Dear list-members,
This is the semi-annual [ahem - must do better...] update on progress for those who don't follow climacs-cvs closely.
Since the last report there have been a number of developments, not the least of which are reports of actual users who are not also climacs developers. This has come about partly as a result of Dwight Holman's clim-desktop project, which enables users to build an image containing an integrated set of clim-based applications, including, of course, climacs.
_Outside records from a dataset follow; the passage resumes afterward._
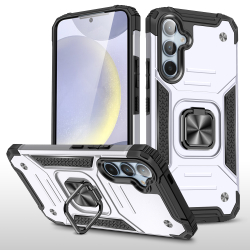 Противоударный чехол Legion Case для Samsung Galaxy S25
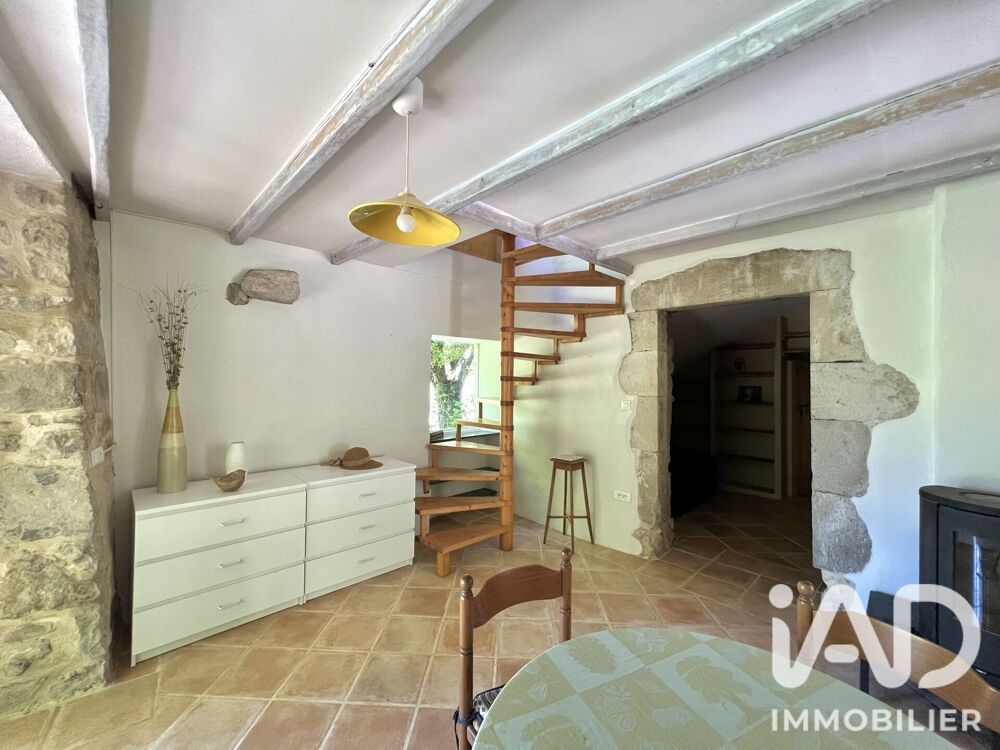 à vendre  Maison Roche-Saint-Secret-Béconne (26770)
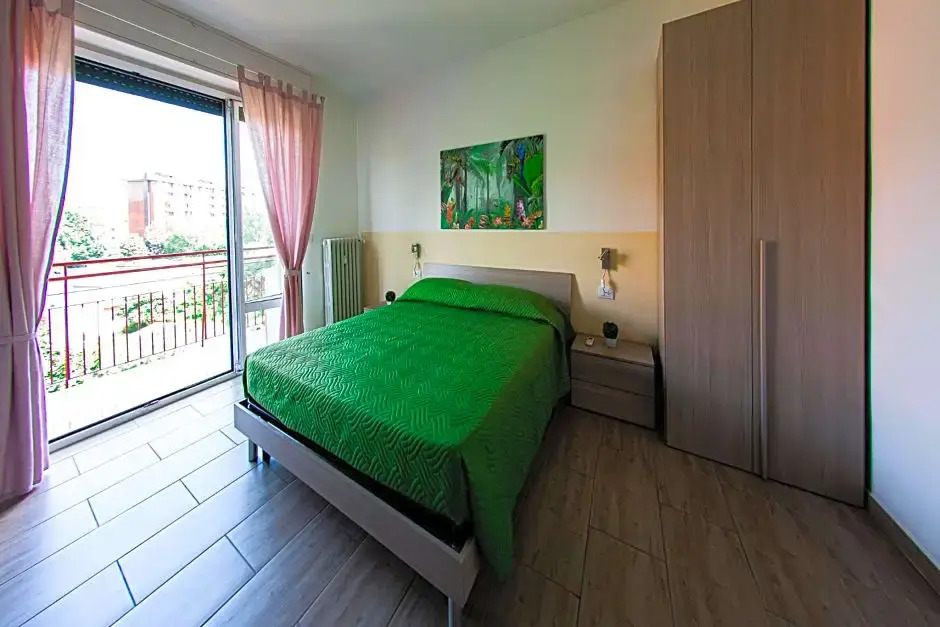 Lorenteggio 209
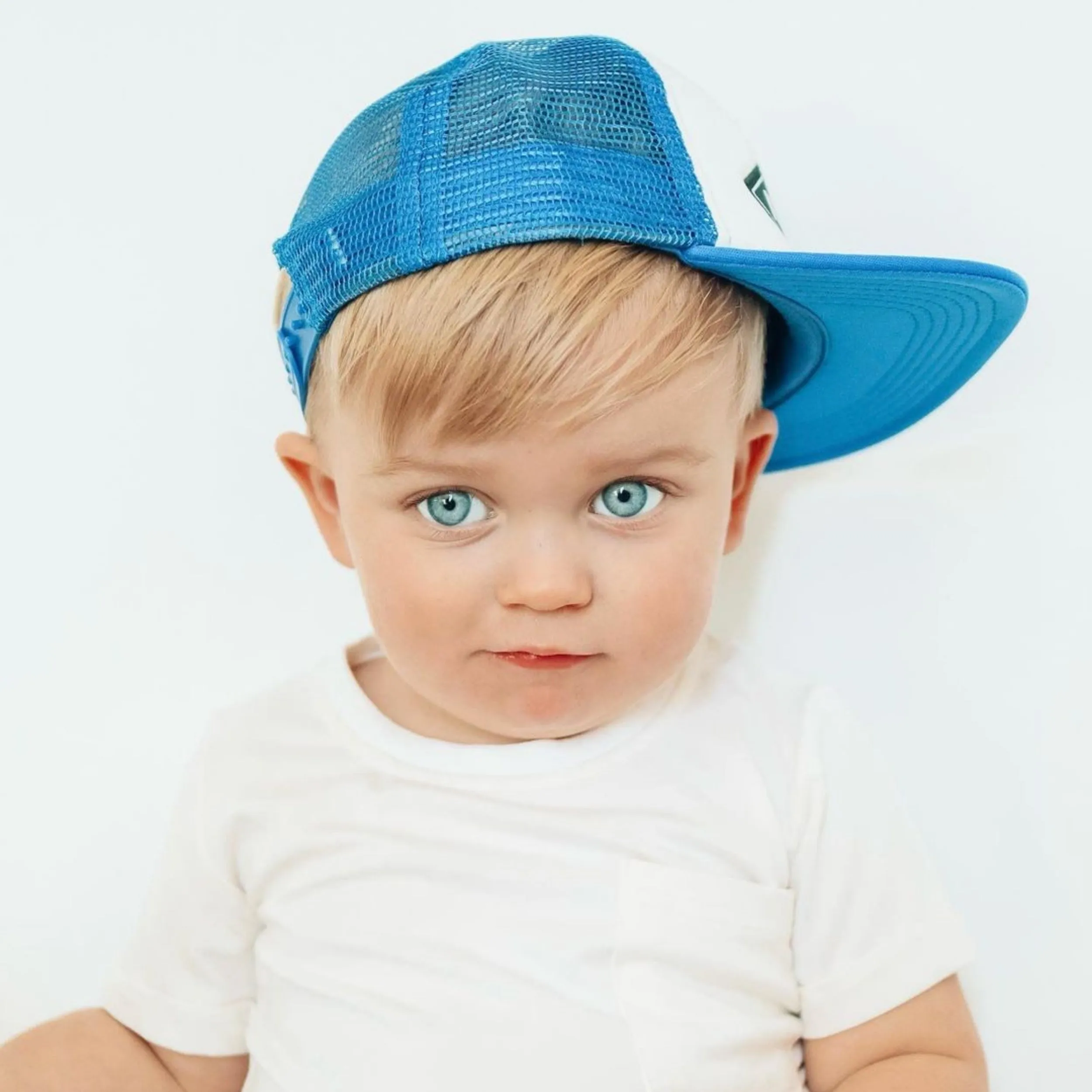 Daniel Kids Trucker Hat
The other parts of clim-desktop are Clouseau (an inspector), the Listener, a debugger, Closure (a web browser), Beirc (an IRC client) and Swine, which extends climacs to use swank (the Slime backend) to provide some slime-like functionality.
Clim-desktop adds the following commands and functionality:
Eval Last Expression C-c C-e Macroexpand 1 C-c C-m Macroexpand All C-c M-m Eval Region C-c C-r Compile Definition C-c C-c Compile And Load File C-c C-k Compile File C-c M-k Edit Definition M-. Return From Definition M-, (together with compiler note and cross reference display and navigation) Hyperspec Lookup C-c C-d h (using Closure) Arglist Lookup C-c C-d a Swine Completion M-Tab Swine Fuzzy Completion C-c M-i (arglists shown in minibuffer on #\Space) Inspect Buffer C-c C-d C-b Inspect Window C-c C-d C-w (using Clouseau)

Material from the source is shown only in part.